## WORK REQUEST
Give every line of the records exactly, please, from the first up to and including the one containing "Black leather belt".

◆ ◆ ◆ ◆

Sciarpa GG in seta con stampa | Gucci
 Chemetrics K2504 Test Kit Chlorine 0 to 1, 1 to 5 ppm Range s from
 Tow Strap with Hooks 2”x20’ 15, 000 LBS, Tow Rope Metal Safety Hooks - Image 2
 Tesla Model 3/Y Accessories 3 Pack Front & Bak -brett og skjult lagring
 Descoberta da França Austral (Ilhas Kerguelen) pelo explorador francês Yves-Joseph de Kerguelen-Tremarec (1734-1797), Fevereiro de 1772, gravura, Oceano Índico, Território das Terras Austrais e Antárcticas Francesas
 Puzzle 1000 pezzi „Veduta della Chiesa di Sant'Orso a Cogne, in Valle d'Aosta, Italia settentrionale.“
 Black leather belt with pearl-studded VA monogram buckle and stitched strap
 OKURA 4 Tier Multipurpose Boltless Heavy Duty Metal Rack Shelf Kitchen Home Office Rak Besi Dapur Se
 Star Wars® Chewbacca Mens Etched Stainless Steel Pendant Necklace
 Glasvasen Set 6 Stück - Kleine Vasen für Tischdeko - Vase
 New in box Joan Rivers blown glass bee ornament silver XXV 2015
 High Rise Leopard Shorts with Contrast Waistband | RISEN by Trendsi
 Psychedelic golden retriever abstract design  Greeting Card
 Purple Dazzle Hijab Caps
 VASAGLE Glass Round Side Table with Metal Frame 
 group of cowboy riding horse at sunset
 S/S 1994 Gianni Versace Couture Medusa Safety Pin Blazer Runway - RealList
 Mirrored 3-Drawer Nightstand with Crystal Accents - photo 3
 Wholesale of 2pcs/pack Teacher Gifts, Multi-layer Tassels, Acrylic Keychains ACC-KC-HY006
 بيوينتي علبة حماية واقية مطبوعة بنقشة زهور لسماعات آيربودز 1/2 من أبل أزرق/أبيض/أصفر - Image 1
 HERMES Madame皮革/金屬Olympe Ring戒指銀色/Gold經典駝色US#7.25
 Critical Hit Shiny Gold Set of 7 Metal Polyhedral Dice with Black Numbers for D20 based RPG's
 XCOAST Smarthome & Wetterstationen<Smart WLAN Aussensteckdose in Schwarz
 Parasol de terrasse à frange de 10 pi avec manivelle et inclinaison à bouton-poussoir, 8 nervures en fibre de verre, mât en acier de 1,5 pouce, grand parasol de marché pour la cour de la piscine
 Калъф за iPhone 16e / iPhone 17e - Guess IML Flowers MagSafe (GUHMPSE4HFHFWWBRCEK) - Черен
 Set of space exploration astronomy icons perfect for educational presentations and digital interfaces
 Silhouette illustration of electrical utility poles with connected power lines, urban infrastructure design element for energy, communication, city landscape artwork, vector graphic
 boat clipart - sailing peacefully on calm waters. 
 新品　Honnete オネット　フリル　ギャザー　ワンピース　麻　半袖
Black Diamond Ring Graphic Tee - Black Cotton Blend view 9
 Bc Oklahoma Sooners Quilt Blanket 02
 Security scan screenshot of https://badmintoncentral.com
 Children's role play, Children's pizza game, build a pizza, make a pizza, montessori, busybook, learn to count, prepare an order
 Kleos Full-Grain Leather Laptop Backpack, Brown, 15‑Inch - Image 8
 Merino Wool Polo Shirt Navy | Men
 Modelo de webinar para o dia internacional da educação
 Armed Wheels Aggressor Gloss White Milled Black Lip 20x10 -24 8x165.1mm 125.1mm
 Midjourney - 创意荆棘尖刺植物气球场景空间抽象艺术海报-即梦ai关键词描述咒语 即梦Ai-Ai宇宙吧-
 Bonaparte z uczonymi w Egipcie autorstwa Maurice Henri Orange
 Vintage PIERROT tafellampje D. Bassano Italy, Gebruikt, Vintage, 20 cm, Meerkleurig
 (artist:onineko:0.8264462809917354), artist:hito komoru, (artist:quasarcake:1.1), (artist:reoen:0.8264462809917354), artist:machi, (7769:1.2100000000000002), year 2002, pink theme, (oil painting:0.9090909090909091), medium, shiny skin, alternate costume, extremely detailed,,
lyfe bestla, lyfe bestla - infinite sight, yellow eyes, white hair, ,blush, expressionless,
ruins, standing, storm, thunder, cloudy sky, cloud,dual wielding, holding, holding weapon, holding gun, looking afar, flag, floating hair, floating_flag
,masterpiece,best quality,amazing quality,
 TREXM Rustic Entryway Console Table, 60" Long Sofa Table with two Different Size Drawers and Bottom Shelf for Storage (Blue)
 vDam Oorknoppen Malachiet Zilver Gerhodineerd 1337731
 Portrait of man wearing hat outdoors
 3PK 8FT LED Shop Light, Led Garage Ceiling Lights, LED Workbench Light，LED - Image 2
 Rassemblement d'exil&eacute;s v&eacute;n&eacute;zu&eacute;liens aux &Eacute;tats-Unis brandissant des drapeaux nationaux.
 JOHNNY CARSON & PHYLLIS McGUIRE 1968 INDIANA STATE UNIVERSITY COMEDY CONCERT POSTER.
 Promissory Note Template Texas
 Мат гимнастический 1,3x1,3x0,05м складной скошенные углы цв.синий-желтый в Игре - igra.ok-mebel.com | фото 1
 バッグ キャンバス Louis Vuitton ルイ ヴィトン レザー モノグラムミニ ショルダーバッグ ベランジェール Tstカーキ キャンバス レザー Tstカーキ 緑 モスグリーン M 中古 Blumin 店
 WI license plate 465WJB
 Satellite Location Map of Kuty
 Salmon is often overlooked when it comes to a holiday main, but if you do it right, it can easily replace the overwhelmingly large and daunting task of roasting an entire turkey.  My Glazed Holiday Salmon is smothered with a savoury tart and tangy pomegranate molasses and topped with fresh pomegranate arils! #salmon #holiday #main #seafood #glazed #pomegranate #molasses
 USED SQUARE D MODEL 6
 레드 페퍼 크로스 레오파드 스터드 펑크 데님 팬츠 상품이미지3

◆ ◆ ◆ ◆

## RESULT BELOW
Sciarpa GG in seta con stampa | Gucci
 Chemetrics K2504 Test Kit Chlorine 0 to 1, 1 to 5 ppm Range s from
 Tow Strap with Hooks 2”x20’ 15, 000 LBS, Tow Rope Metal Safety Hooks - Image 2
 Tesla Model 3/Y Accessories 3 Pack Front & Bak -brett og skjult lagring
 Descoberta da França Austral (Ilhas Kerguelen) pelo explorador francês Yves-Joseph de Kerguelen-Tremarec (1734-1797), Fevereiro de 1772, gravura, Oceano Índico, Território das Terras Austrais e Antárcticas Francesas
 Puzzle 1000 pezzi „Veduta della Chiesa di Sant'Orso a Cogne, in Valle d'Aosta, Italia settentrionale.“
 Black leather belt with pearl-studded VA monogram buckle and stitched strap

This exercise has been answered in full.